Why this matters in a multi-handle consumer
The reproducer above is single-handle for minimality, and it directly calls libzfs_mnttab_add to stand in for what zfs_mount() does internally. In our actual usage we don't call libzfs_mnttab_add directly — we hold multiple libzfs_handle_ts and use them across threads, and zfs_mount() does the add for us under the hood. The same contract violation falls out naturally:
- Handle A calls
zfs_mount(zhp_x, ...) to mount dataset X. After do_mount() succeeds, zfs_mount_at calls libzfs_mnttab_add(hdl_a, ...) at lib/libzfs/libzfs_mount.c:582. Handle A's AVL now has X.
- Handle B calls
zfs_mount(zhp_y, ...) to mount dataset Y. Same path; handle B's AVL has Y.
- Some time later, handle A queries
zfs_prop_get_int(zhp_y, ZFS_PROP_MOUNTED) for dataset Y.
- Pre-
0ecf5e3f6: A's cache is disabled, so libzfs_mnttab_find consults /etc/mtab directly, finds Y, returns mounted = 1.
- Post-
0ecf5e3f6: A's AVL has X (non-empty), so libzfs_mnttab_find skips the /etc/mtab refresh, doesn't see Y in its AVL, returns ENOENT, and ZFS_PROP_MOUNTED evaluates to 0 — even though Y is plainly mounted.
That's the failure mode we're hitting. Mounts via one handle silently invalidate ZFS_PROP_MOUNTED queries on every other handle in the process.. no warning, no logged error, just wrong answers.
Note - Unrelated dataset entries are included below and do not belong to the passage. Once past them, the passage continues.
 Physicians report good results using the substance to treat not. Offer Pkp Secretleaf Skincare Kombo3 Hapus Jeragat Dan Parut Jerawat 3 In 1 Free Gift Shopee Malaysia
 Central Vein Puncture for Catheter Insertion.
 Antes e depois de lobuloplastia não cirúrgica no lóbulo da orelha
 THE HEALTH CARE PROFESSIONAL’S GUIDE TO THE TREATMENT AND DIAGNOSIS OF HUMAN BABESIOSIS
Include any warning/errors/backtraces from the system logs
Verified A/B on two otherwise-identical systems (same OS, same compiler, same reproducer build) differing only in the version of openzfs/zfs master they were built from:
Pre-0ecf5e3f6 (built from master at upstream 545d66204d, 2025-09-17 — before 0ecf5e3f6):
$ ./repro rpool/ROOT/<bootenv>/root
OK: ZFS_PROP_MOUNTED reports rpool/ROOT/<bootenv>/root as mounted
$ echo $?
0
Post-0ecf5e3f6 (built from master at upstream 4655bdd8ab, 2026-03-17 — after 0ecf5e3f6):
$ ./repro rpool/ROOT/<bootenv>/root
BUG: ZFS_PROP_MOUNTED reports rpool/ROOT/<bootenv>/root as NOT mounted
but rpool/ROOT/<bootenv>/root IS mounted (see /etc/mtab and `zfs get mounted`).
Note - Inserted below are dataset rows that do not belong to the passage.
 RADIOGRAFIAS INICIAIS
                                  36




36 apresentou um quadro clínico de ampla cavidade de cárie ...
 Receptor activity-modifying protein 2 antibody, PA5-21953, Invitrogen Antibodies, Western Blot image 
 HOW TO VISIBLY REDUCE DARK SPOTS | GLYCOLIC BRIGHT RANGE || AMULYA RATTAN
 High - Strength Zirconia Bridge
libzfs_mnttab_cache(hdl, B_FALSE) did not actually disable the cache.
$ echo $?
1
Three independent signals (/etc/mtab, zfs get mounted, zfs_prop_get_int(ZFS_PROP_MOUNTED)) all agree that the dataset is mounted on both systems; only the post-0ecf5e3f6 ZFS_PROP_MOUNTED disagrees, and only because the per-handle cache the consumer asked to disable is actually still on.
In the originally-affected production code path, this ZFS_PROP_MOUNTED == 0 trips a "filesystems are not mounted" assertion that aborts the workflow.
Background — how we use libzfs
We're a long-running, multi-threaded userland (Delphix Engine) that links libzfs directly. Nothing exotic at the libzfs boundary:
- We call
libzfs_init() to allocate a libzfs_handle_t. Handles are pooled; the pool grows lazily with concurrent demand and typically reaches 5–20 handles on a busy process. Handles are long-lived and reused.
- Immediately after each
libzfs_init() we call libzfs_mnttab_cache(hdl, B_FALSE).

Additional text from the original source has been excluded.